The BAMBI project aims to characterize a new moonlighting protein in Mycobacterium abscessus (Mab), a highly drug-resistant bacterium causing severe pulmonary diseases. We have recently uncovered a novel mechanism facilitating Mab's entry into host cells, relying on the macrophage tetraspanin CD81. Furthermore, we have identified an interaction between CD81 and Mab's SufA protein, an unexpected characteristic for a member of the iron-sulfur (Fe-S) cluster biogenesis protein family.

First, we will investigate at molecular-level the interaction between SufA and CD81, using advanced structural mass spectrometry to explore binding interfaces and conformational changes.
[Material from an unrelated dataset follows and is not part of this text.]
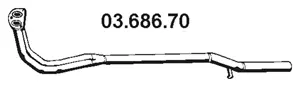 Tuyau d'échappement EBERSPÄCHER 03.686.70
Invasion assays will be conducted to understand the role of SufA and the contribution of the residues interacting with CD81 in the uptake of Mab by macrophages.
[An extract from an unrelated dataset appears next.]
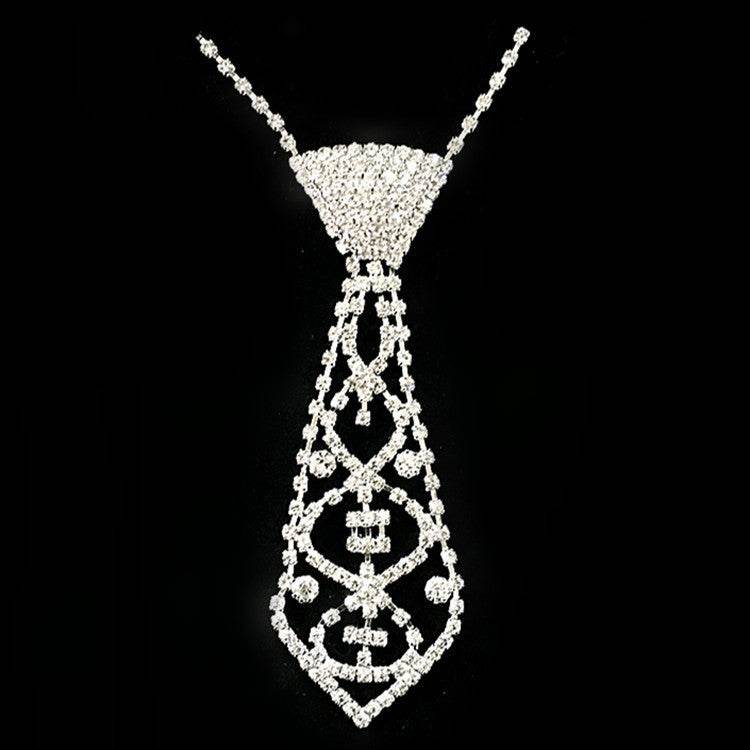 Rhinestone Tie - Shop Jobie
Second, we propose to thoroughly characterize SufA's role in Fe-S cluster biogenesis, assessing the presence, properties, and transfer of Fe-S clusters within SufA and target proteins.

Third, we will employ the APEX2 proximity labeling technique to determine the SufA’s interaction network under various conditions, shedding light into its dual function in both internalization by host cells and in the Fe-S cluster transport.

Overall, BAMBI will highlight the central role of the SufA/CD81 complex in early host-pathogen interactions, revealing the unexpected function of a Fe-S protein as a bacterial adhesin. Additionally, we delve into SufA's contribution to the biogenesis of Fe-S clusters and their transfer to metalloproteins, providing a comprehensive understanding of its dual functionality. This research will offer insights into SufA's role in pathogenesis and essential cellular processes, bridging proteomics, biochemistry, spectroscopy, microbiology, host-pathogen interactions, and protein-protein interactions, ultimately advancing our understanding of Mab-caused diseases and potential therapeutic strategies.